Я разрывалась на части. Мне хотелось убраться отсюда, защитить себя, но в то же самое время я сгорала от любопытства. О чем она говорит? И какое отношение это имеет к Кэллуму? Я знала, что он обязательно прибежит сюда, хотя уже поздно и ему будет трудно покинуть собор Святого Павла. Но создавалось впечатление, что Кэтрин не собиралась дожидаться его.
– О каком из секретов рассказать тебе? Вот в чем вопрос, – пробормотала она будто сама себе. – Как можно спасти дерджа или почему я так безумно тебя ненавижу? – Размышляя над этим, она поджала губы. – Нет, ты заслуживаешь знать о своей роли во всем этом.
На губах Кэтрин продолжала играть улыбка, и впервые за все это время над ее головой появилось легкое золотистое мерцание.
– Все это из-за тебя, это
– Как ты посмела сделать это со мной? Как ты
– Что? – крикнула я ей вслед. – Что я такого сделала? Я не понимаю… – Внезапно я почувствовала, что меня объяла темнота. Это было плохо, очень плохо, что бы это ни значило. Я чувствовала себя такой одинокой, когда смотрела на угол коридора, за который она завернула.

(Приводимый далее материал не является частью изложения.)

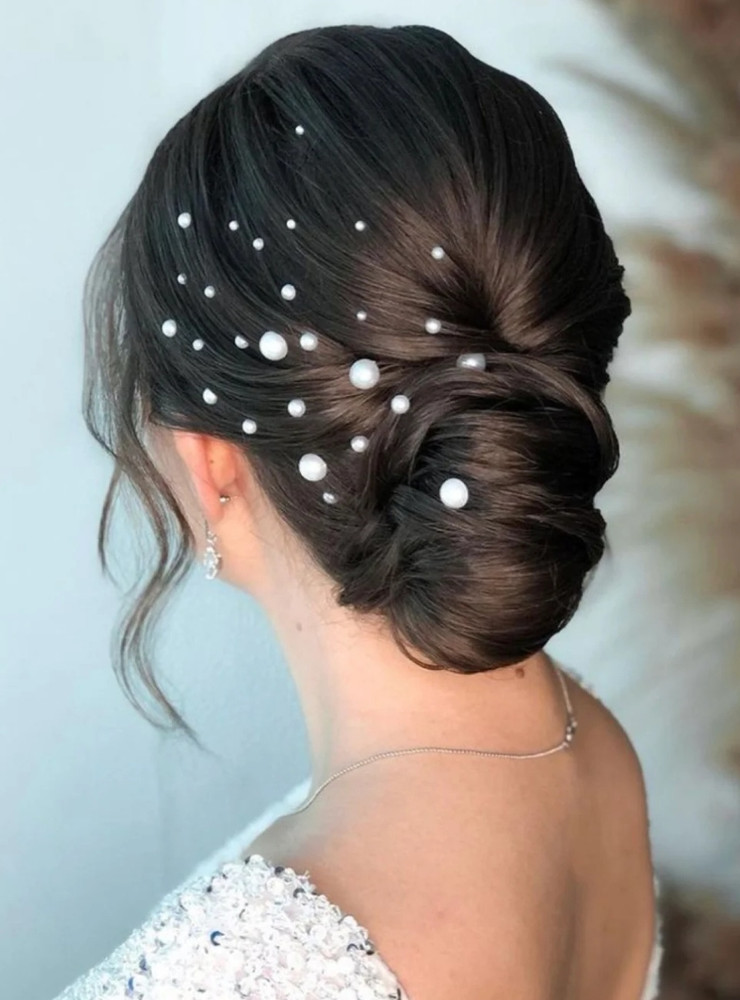 Bombay Vanity 30g White Hair Pearl White Hair Beads For Hair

Когда я наконец очнулась, то ощутила быстрое покалывание в кисти, и в моей голове зазвучал настойчивый голос Кэллума:
– Что случилось? И что здесь делает Оливия?
– Оливия? Я не знала, что она где-то рядом. Мы лишь немного поболтали с Кэтрин.
– Ты в порядке? Она не пыталась сделать тебе больно?
– Нет. Физически нет. Она собиралась рассказать, почему ненавидит меня – а она, видимо, еще как меня ненавидит, – но потом внезапно замолчала. Похоже, ей было бы приятно поведать мне какие-то очень плохие новости, на какое-то мгновение у нее над головой даже появилась золотистая аура, но затем она повела себя совсем странно.
– Под словом «странно» ты имеешь в виду, что она словно превратилась в пустое место, в чистый лист бумаги? – Он держал себя в руках, но я чувствовала, как он взбешен.
– Да, – неуверенно ответила я. – Она словно внезапно забыла, что хотела сказать… – И наконец мне удалось связать все воедино.
– Именно так, – мрачно сказал Кэллум. – Словно внезапно забыла, что хотела сказать. Могу поспорить, что сюда незаметно подкралась Оливия и забрала у нее это воспоминание, в чем бы оно ни заключалось.
– О, нет!
– И Кэтрин считает, что это сделали мы; что мы подначили ее.
– Не удивительно, что она так рассвирепела! Это как раз то, чего мне хотелось меньше всего.
– Послушай. Сейчас поздно. Я не могу больше здесь оставаться. Возвращайся к своим друзьям, а я пойду и поговорю с Оливией, узнаю, нет ли в этом воспоминании каких-нибудь ключей к происходящему. Завтра я найду тебя как только смогу.
– О’кей, но не будь слишком уж строг с ней, хорошо? Думаю, она хотела спасти меня от Кэтрин – ведь та что-то замышляла. Оливия не хотела причинить нам зла.
– Да, я знаю. – Голос у него был напряженным. Усталым. – Я должен идти. Прости меня, но я действительно не могу остаться. Поговорим завтра.
– Я люблю тебя. Будь осторожен.
Он вздохнул, выведенный из себя.
– Это не мне надо быть осторожным, а тебе. Я тоже тебя люблю. До завтрашнего утра. – По моему лицу пробежало легкое дуновение ветра, и он исчез.
– Простите, что я так долго, – сказала я, садясь на свой стул в шумном пабе. – Мне пришлось проверить, не спряталась ли она в одной из кабинок. Я ее не нашла, но задняя дверь была открыта, так что она вполне могла воспользоваться ею. – Джош и Грейс смотрели на меня одинаково озадаченно.
– Это была она, не так ли? Та самая женщина, которая выдала себя за тебя? – спросила Грейс.
Я уныло кивнула.
– Что! – взорвался Джош. – Я тут рассиживал с женщиной, укравшей все твои деньги? Ты, должно быть, шутишь!
– Так чего она хотела, Джош? О чем вы разговаривали с ней весь вечер? – Я была благодарна Грейс за то, что она сразу взяла быка за рога и задала вопрос, мучивший меня. Но я была слишком ошеломлена, чтобы говорить.
Мой брат запустил руки в свои непокорные волосы и нахмурился.